Demenz:
Wie Sie Ihr Risiko senken können
Demenz, oft auch als Gedächtnisverlust bezeichnet, ist eine der größten gesundheitlichen Herausforderungen unserer Zeit. In Deutschland leben derzeit etwa 1,8 Millionen Menschen mit einer Form von Demenz, und die Zahl steigt kontinuierlich an. Obwohl es keinen absolut sicheren Weg gibt, eine Demenz zu verhindern, zeigt die Forschung, dass bestimmte Lebensgewohnheiten das Risiko erheblich senken können. In diesem Artikel beleuchten wir, wie Sie durch einfache Veränderungen in Ihrem Alltag die Wahrscheinlichkeit verringern können, an Demenz zu erkranken.
Was ist Demenz?
Demenz ist ein Sammelbegriff für eine Gruppe von Erkrankungen, die durch einen fortschreitenden Verlust der kognitiven Fähigkeiten gekennzeichnet sind. Die häufigste Form ist die Alzheimer-Demenz, gefolgt von der vaskulären Demenz, die durch Schäden an den Blutgefäßen im Gehirn verursacht wird. Es gibt jedoch auch andere, seltenere Formen wie die Lewy-Body-Demenz und die frontotemporale Demenz.

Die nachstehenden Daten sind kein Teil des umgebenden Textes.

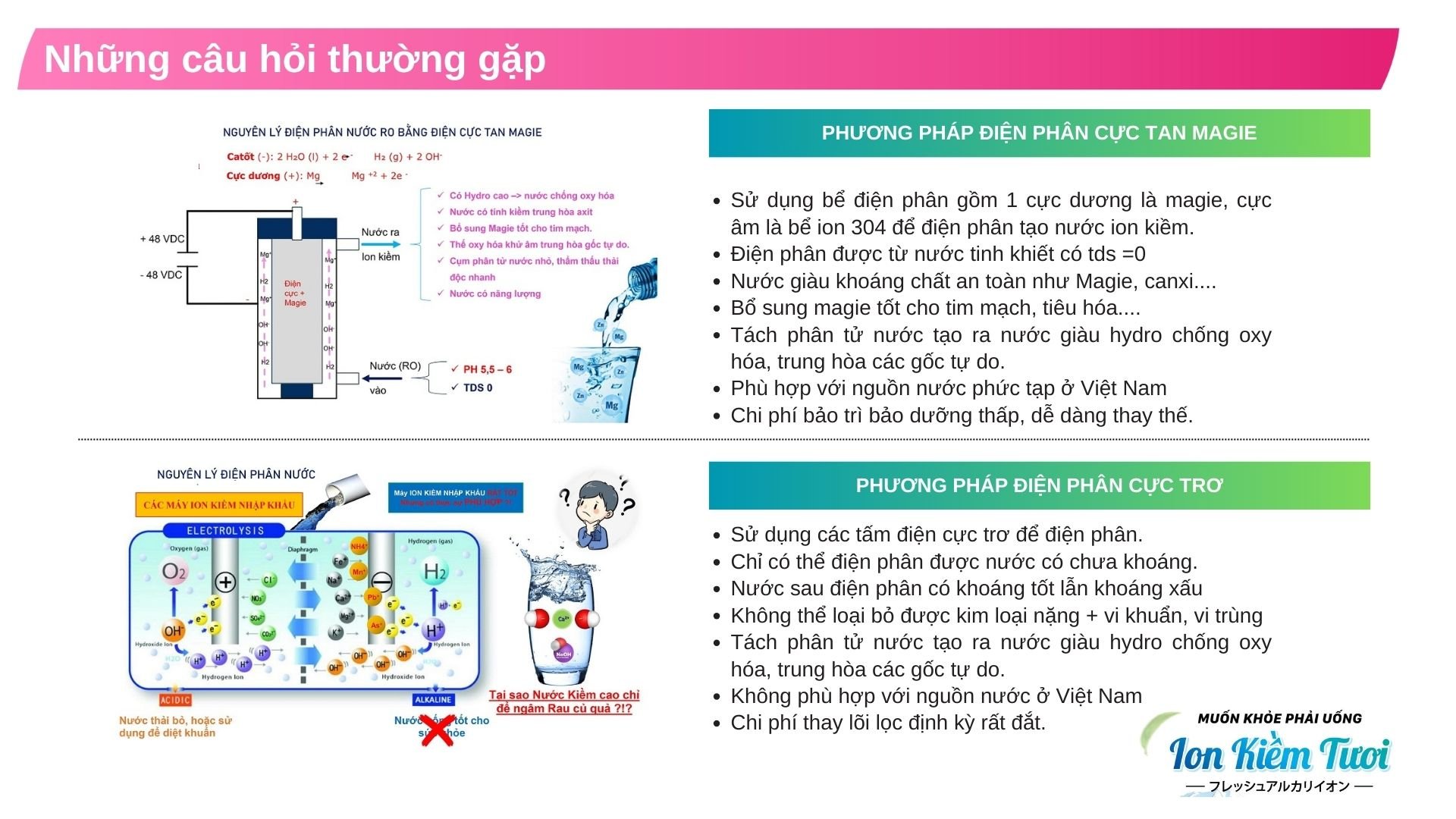 Máy lọc nước ion kiềm tươi Daikiosan sử dụng công nghệ điện phân gì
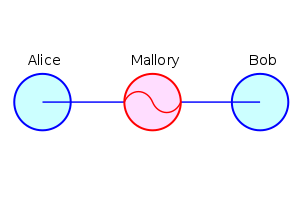 Alt text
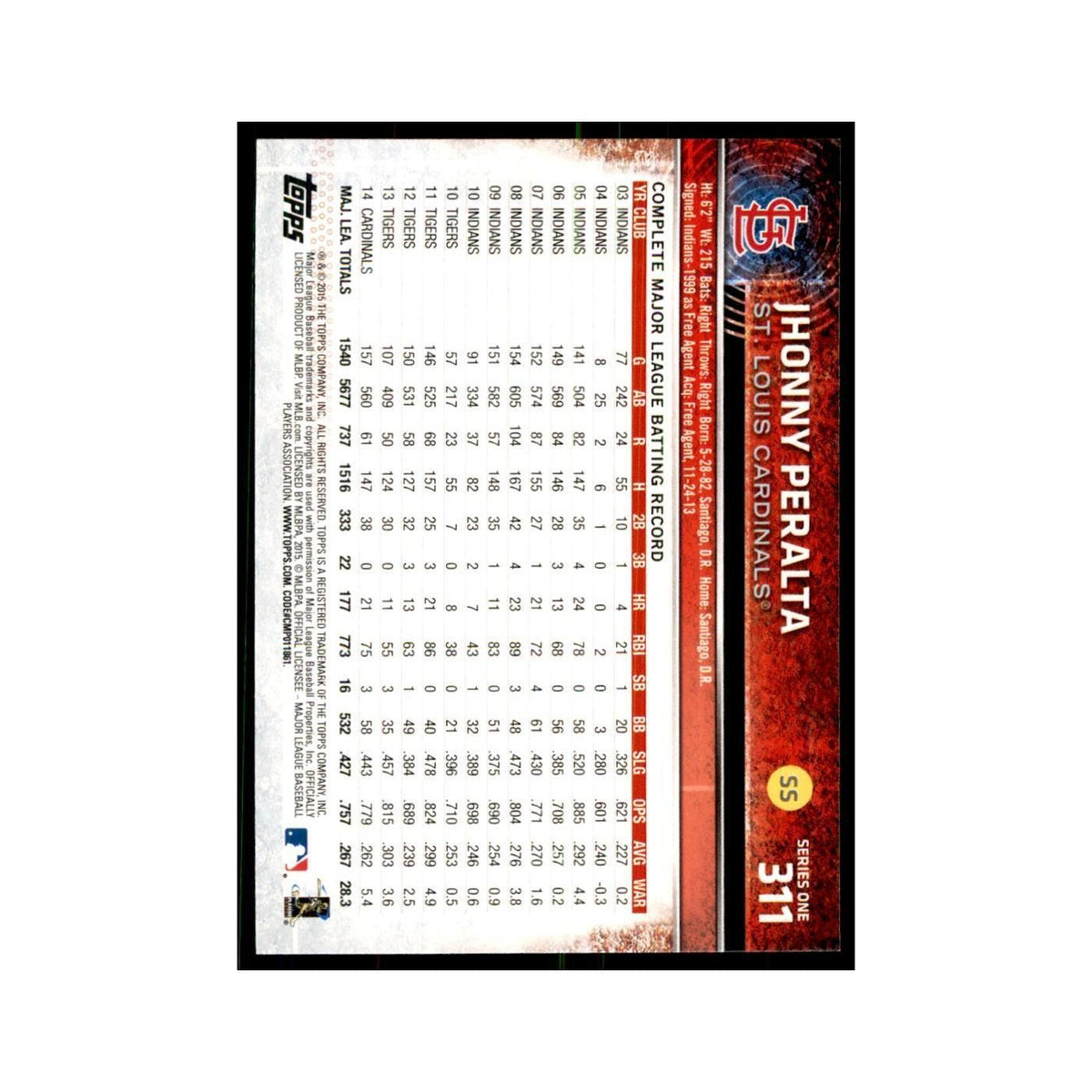 Jhonny Peralta 2015 Topps #311 Baseball Cards Baseball Card NM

Risikofaktoren: Was erhöht das Demenzrisiko?
Das Risiko, an Demenz zu erkranken, wird durch verschiedene Faktoren beeinflusst. Dazu gehören:
- genetische Veranlagung,
- Bluthochdruck,
- Diabetes,
- erhöhte Blutfettwerte,
- Übergewicht,
- Rauchen,
- übermäßiger Alkoholkonsum,
- soziale Isolation,
- hoher Konsum von hochverarbeiteten Produkten.
Diese Faktoren können zur Schädigung von Blutgefäßen und Nervenzellen im Gehirn beitragen und somit das Risiko einer Demenzerkrankung erhöhen.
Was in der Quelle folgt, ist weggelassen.